### Exercise aim
When you reach the line that contains "Maska do MERCEDES" in the data below, start reproducing lines exactly, and stop after the line that contains "LEERER KATHEDRALINNENRAUM GESCHENKPAPIER".

### Supplied data
***

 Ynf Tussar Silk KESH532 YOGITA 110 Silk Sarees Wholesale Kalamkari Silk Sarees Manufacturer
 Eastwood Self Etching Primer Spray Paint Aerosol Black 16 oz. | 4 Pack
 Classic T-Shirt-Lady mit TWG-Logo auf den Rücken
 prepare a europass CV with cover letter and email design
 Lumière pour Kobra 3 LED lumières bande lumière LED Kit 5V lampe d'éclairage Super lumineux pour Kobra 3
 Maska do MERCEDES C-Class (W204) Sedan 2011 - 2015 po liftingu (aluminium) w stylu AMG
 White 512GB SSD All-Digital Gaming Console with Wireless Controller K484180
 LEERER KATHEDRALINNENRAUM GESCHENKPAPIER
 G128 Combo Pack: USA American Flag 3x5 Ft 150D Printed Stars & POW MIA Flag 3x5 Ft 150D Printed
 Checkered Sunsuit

***

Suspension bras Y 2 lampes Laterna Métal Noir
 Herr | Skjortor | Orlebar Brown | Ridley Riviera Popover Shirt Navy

***

### Answer
 Maska do MERCEDES C-Class (W204) Sedan 2011 - 2015 po liftingu (aluminium) w stylu AMG
 White 512GB SSD All-Digital Gaming Console with Wireless Controller K484180
 LEERER KATHEDRALINNENRAUM GESCHENKPAPIER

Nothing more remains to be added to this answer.